Then, lacking any formal education, Tara began to educate herself. She taught herself enough mathematics and grammar to be admitted to Brigham Young University, where she studied history, learning for the first time about important world events like the Holocaust and the civil rights movement. Her quest for knowledge transformed her, taking her over oceans and across continents, to Harvard and to Cambridge. Only then would she wonder if she’d traveled too far, if there was still a way home.

Educated is an account of the struggle for self-invention. It is a tale of fierce family loyalty, and of the grief that comes with severing the closest of ties. With the acute insight that distinguishes all great writers, Westover has crafted a universal coming-of-age story that gets to the heart of what an education is and what it offers: the perspective to see one’s life through new eyes, and the will to change it.


My Rating: 5 stars


My Review: This book is about a girl who, despite her parents' lack of support and encouragement for formal education, manages to start her academic journey at the age of seventeen. With perseverance, dedication and help from people outside her tight knit, dysfunctional family, she is rewarded years later with her PhD.
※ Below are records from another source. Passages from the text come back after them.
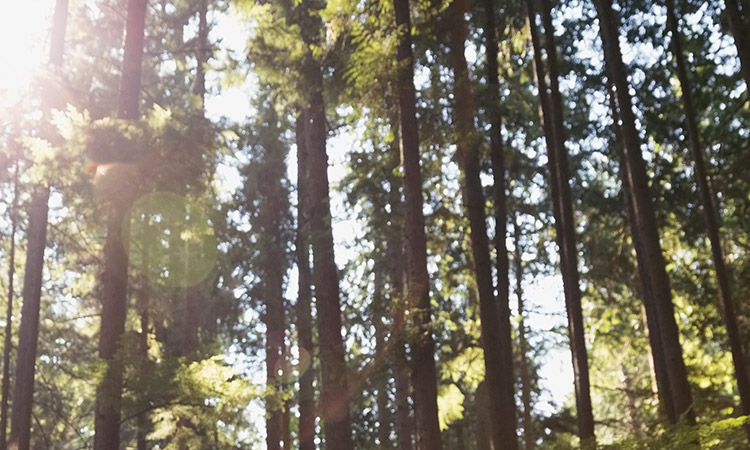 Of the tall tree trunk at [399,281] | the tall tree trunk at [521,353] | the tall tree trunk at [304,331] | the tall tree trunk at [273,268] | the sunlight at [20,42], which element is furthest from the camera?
the tall tree trunk at [273,268]

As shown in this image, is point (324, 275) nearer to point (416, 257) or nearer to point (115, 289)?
point (416, 257)

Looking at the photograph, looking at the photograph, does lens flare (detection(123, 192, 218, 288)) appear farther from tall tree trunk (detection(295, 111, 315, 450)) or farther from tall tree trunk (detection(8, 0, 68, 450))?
tall tree trunk (detection(295, 111, 315, 450))

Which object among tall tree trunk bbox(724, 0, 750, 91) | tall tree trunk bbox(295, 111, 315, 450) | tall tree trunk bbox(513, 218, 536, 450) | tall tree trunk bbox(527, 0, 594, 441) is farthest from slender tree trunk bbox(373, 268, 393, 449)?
tall tree trunk bbox(724, 0, 750, 91)

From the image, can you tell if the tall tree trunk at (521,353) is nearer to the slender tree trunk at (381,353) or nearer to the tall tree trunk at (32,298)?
the slender tree trunk at (381,353)

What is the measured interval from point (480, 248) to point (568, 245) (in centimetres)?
163

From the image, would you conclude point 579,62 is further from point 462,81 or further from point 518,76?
point 462,81

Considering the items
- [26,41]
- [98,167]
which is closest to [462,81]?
[98,167]

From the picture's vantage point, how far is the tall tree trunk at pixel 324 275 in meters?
11.2

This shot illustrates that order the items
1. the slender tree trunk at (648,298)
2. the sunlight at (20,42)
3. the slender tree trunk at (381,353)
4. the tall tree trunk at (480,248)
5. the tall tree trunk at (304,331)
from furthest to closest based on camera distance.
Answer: the tall tree trunk at (304,331) < the slender tree trunk at (648,298) < the sunlight at (20,42) < the tall tree trunk at (480,248) < the slender tree trunk at (381,353)

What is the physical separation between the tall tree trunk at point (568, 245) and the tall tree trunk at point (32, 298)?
9270 millimetres

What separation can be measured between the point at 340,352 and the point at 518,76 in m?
9.73

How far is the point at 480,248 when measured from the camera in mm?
11508

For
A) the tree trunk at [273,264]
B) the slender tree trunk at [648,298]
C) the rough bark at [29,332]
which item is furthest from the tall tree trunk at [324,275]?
the slender tree trunk at [648,298]

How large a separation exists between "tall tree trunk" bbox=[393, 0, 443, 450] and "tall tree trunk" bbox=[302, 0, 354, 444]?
1.54 m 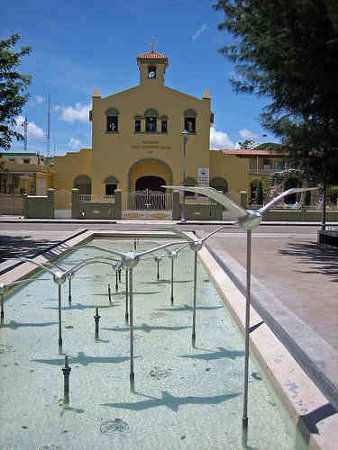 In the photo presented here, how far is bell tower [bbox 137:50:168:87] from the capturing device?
36312 mm

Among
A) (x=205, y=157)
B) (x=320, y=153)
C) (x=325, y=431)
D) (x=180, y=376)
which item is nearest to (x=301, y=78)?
(x=320, y=153)

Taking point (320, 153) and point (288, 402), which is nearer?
point (288, 402)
Raised by her fundamentalist parents on a secluded mountain in Buck Peak, Idaho, her childhood was not a typical one. Her family situation was dire, brutal and heartbreaking. Her parents, especially her father, were suspicious of the government and determined to keep their children away from its influence, which included attending school. Their days were spent working in their family's metal scrapyard with shockingly little concern for their safety, but it was the mental abuse and control that her parents wielded over the children, that was the scariest and had the longest lasting effects.


Much of the book focuses on this dysfunctional bond with her family and how it conflicted with her deep-seated desire to educate herself. I'll admit that I found the first third of the book slow, but after that point I had a hard time putting it down. For a book where you already know the outcome going in, I was amazed at how riveted I was by Westover's life, her decisions and her repeated struggles to find out who she is, despite her childhood and family's pressure to conform. 
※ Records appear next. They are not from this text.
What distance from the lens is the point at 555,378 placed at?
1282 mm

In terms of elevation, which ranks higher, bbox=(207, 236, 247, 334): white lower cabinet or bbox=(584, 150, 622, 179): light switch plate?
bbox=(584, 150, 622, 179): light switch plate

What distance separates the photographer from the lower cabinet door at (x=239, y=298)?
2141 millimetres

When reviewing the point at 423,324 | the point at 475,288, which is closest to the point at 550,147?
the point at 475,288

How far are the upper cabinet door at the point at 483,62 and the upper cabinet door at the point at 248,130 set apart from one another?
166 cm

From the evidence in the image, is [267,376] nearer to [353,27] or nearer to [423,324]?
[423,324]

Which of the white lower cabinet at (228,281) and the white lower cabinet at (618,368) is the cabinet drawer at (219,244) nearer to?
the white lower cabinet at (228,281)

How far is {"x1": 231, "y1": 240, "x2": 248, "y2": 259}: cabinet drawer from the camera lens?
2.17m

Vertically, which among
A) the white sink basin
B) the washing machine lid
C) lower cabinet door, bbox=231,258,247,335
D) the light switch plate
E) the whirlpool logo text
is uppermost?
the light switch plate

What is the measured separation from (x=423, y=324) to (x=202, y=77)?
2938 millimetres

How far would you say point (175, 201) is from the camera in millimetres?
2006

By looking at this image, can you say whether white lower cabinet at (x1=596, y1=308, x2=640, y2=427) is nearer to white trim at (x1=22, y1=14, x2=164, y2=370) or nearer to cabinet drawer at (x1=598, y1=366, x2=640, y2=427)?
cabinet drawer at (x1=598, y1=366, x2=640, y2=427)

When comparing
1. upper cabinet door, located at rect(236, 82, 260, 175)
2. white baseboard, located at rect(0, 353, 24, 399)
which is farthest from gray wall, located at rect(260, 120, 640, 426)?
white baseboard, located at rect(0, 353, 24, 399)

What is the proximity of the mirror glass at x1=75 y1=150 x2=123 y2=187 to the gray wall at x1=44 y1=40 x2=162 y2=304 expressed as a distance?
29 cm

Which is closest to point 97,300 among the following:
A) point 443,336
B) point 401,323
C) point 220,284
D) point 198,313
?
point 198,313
This is a well-written and impressive memoir that doesn't hold back. It has its touching moments but often it's a heartbreaking story about a girl who struggles to find her way in the world despite her family's hold on her. Many scenes were hard to read, and I had to keep reminding myself that this wasn't a work of fiction. Westover's childhood was appalling but her story becomes one of perseverance, healing and strength.


Disclaimer: This Advanced Reading Copy (ARC) was generously provided by the publisher in exchange for my honest review.